AVAILABLE DATA:
↓

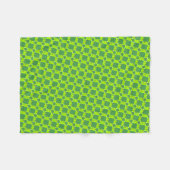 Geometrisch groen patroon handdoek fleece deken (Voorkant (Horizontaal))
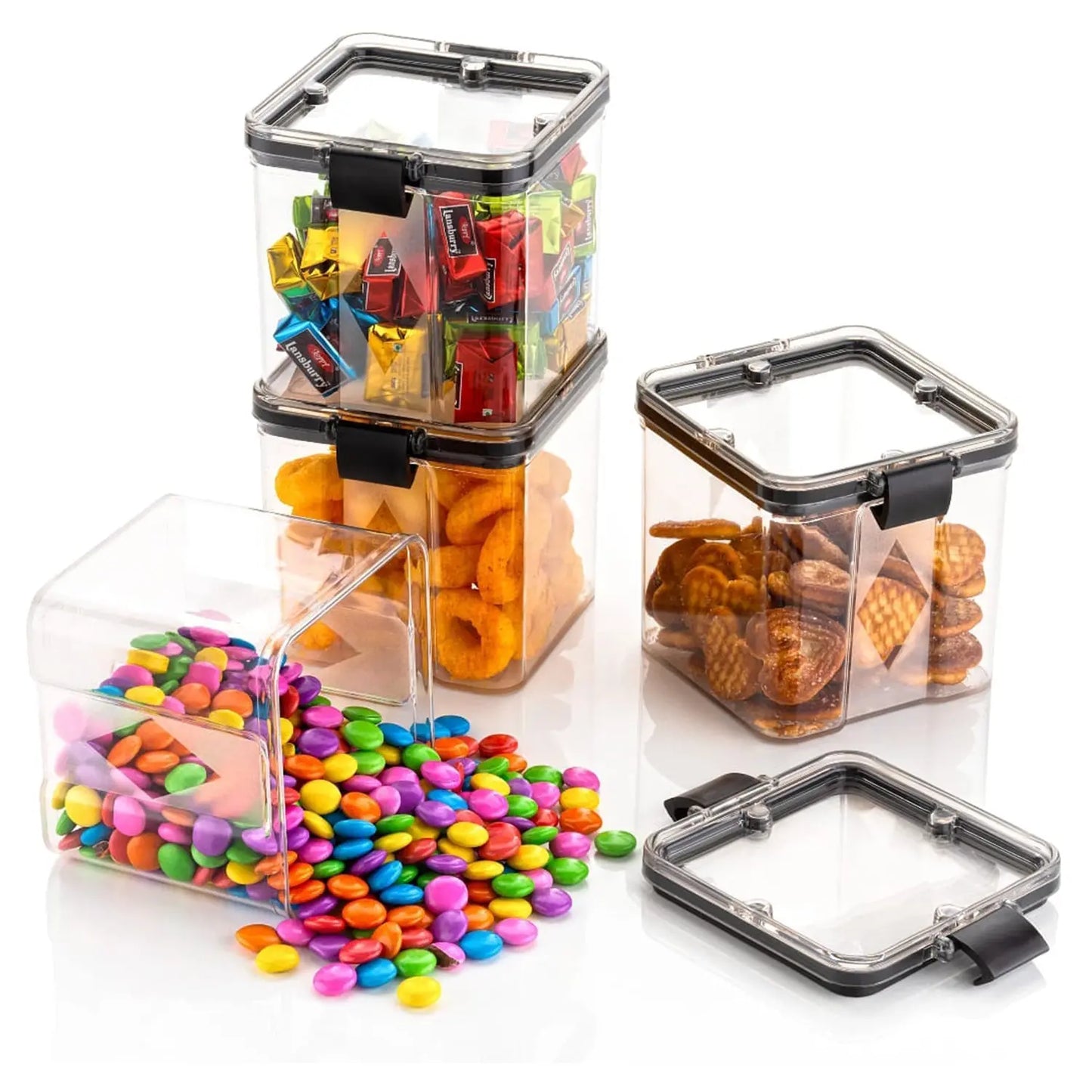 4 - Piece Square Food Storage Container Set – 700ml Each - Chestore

↑
↓

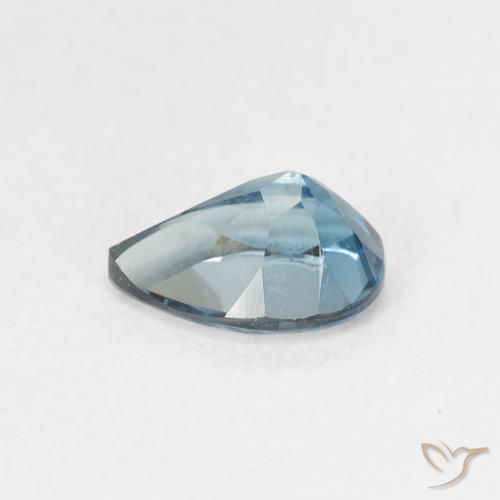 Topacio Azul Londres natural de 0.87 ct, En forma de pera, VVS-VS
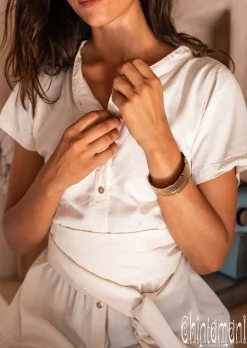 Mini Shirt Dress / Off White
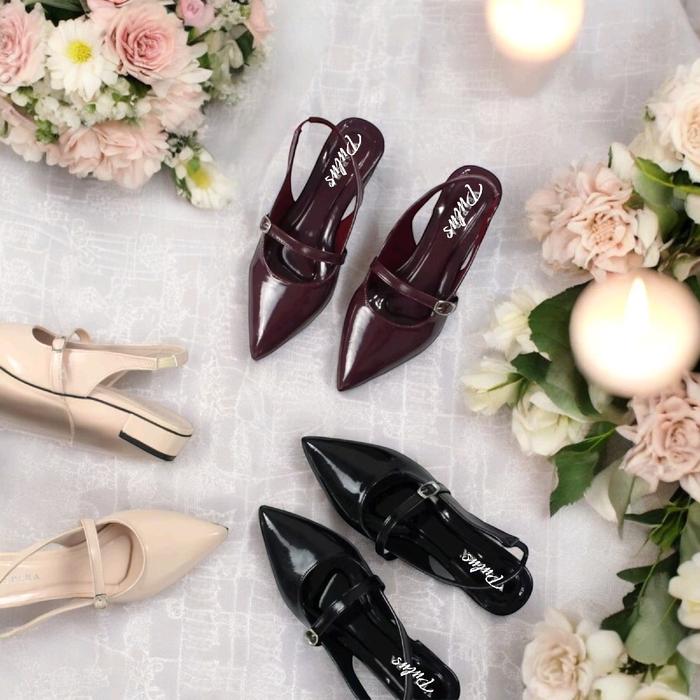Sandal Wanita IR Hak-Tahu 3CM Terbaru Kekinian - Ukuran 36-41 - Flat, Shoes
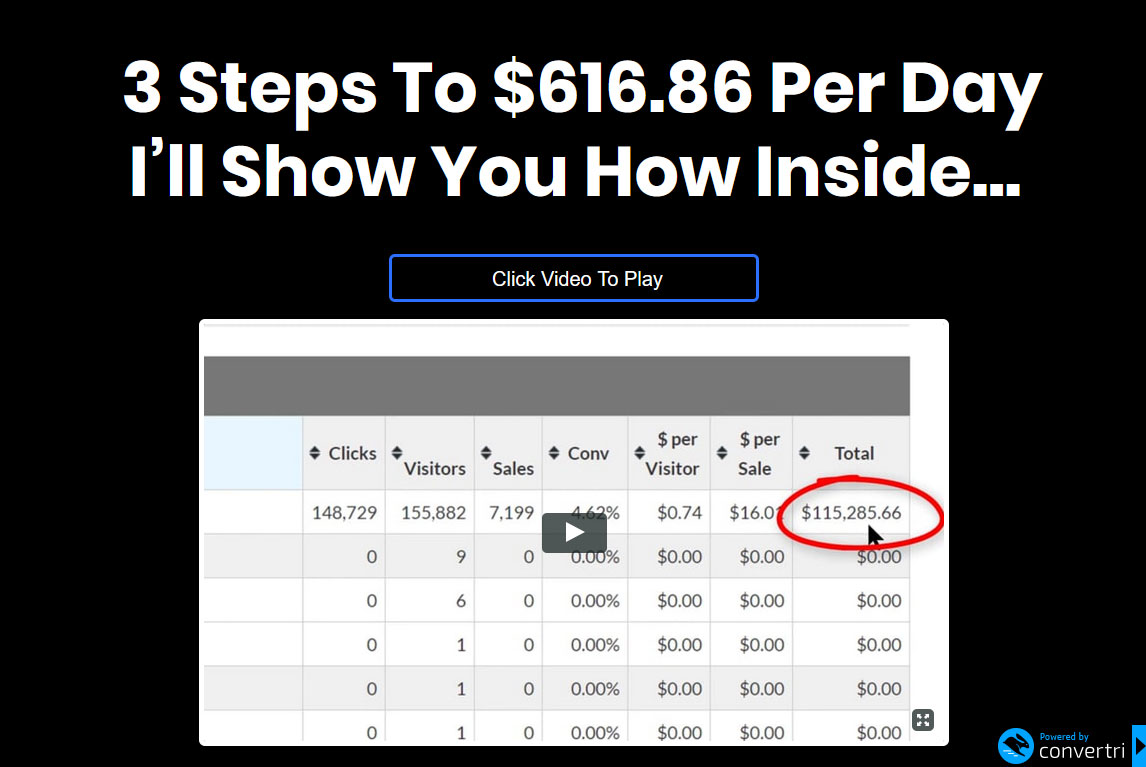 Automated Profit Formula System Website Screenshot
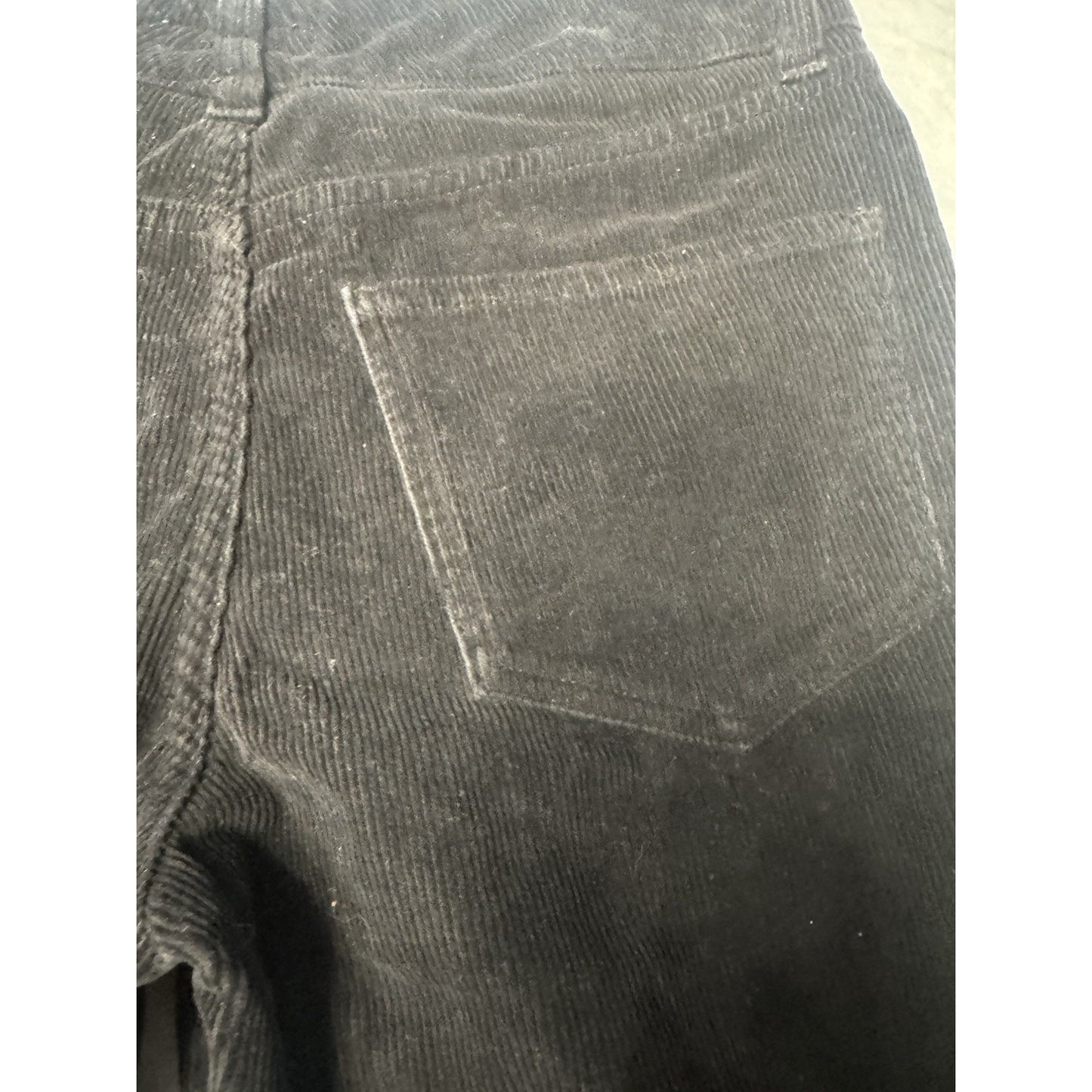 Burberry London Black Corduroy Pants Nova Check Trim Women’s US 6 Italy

↑

WORK REQUEST: Reproduce exactly the lines above that run from the one with "Sandal Wanita IR" to the one with "Burberry London Black", both included, leaving pictures out.

FINISHED EXERCISE:
Sandal Wanita IR Hak-Tahu 3CM Terbaru Kekinian - Ukuran 36-41 - Flat, Shoes
 Automated Profit Formula System Website Screenshot
 Burberry London Black Corduroy Pants Nova Check Trim Women’s US 6 Italy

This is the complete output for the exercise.